Eloise
- Author: Kay Thompson
- Illustrator: Hilary Knight
- Language: English
- Genre: Humour Children's literature
- Publisher: Simon & Schuster
- Publication date: June 19, 1955 July 10, 1969 (re-release)
- Publication place: United States
- Media type: Print (hardcover and paperback) Audiobook
- ISBN: 978-0671223502
- OCLC: 588120

= Eloise (1955 book) =

1955 book by Kay Thompson and Hilary Knight

Eloise (originally titled Eloise: A Book for Precocious Grown-ups) is the first of the Eloise book series written and drawn by Kay Thompson and Hilary Knight, respectively. It was published in 1955. In 1969, the adult-oriented book was re-released as a children's book, without change. An audiobook version of Eloise, narrated by Bernadette Peters, was released in October 2015 to coincide with the 60th anniversary of the series. The title character was inspired by an alter ego of Thompson, a little girl who lives at the Plaza Hotel in New York City.

==Adaptations==
In 1956, the book was adapted into a 90-minute television play, Eloise, broadcast on the CBS television show Playhouse 90.

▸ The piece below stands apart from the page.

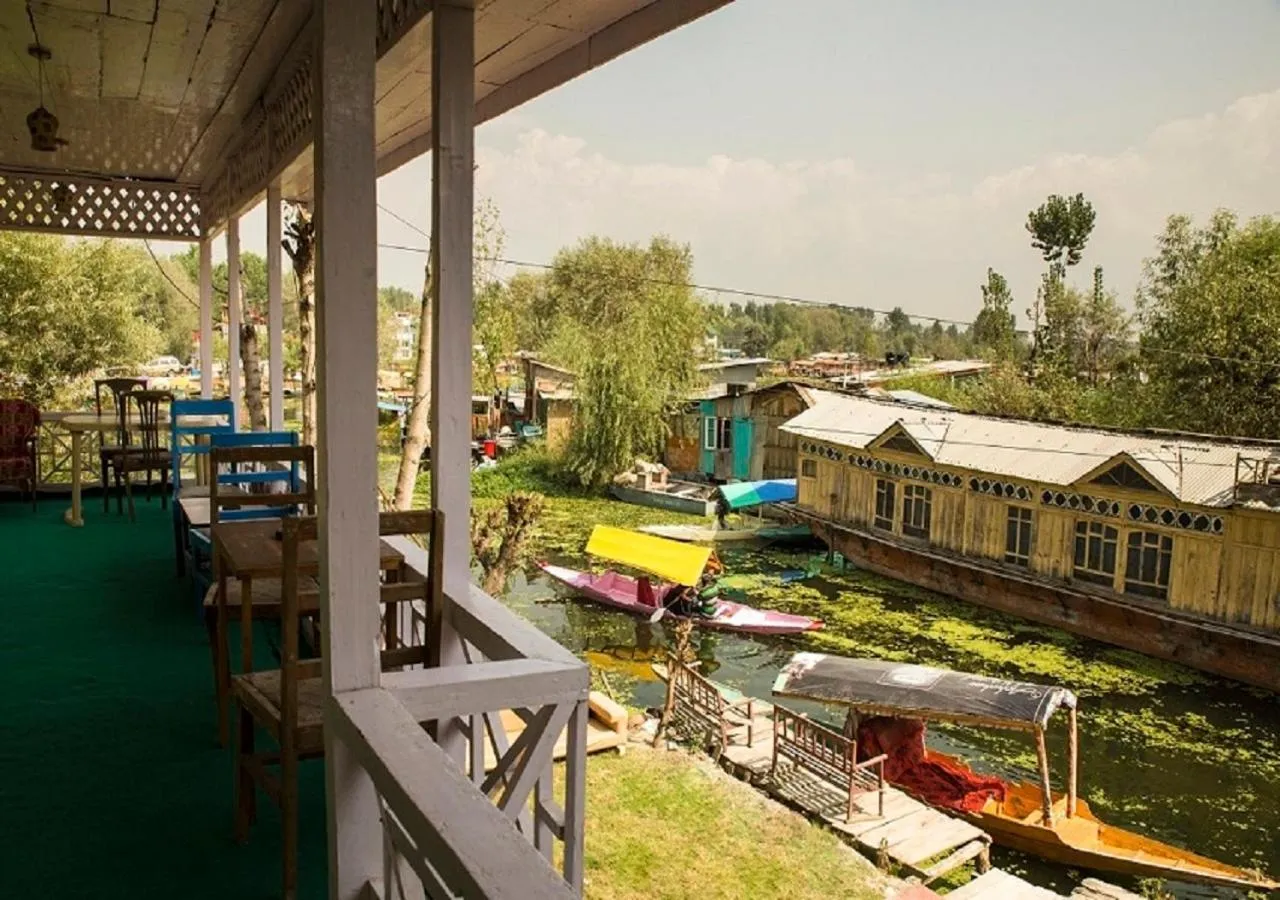 Property building in Hotel Chachoo Palace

Eloise was adapted into a live-action made-for-TV film in April 2003, titled Eloise at the Plaza, produced by DiNovi Pictures and HandMade Films for Walt Disney Television with distribution handled by ABC Television Network. It was released on both VHS and DVD in the same year by Buena Vista Home Entertainment. After the release of the first film, Eloise at Christmastime was released on November 22 on VHS and DVD in the same year.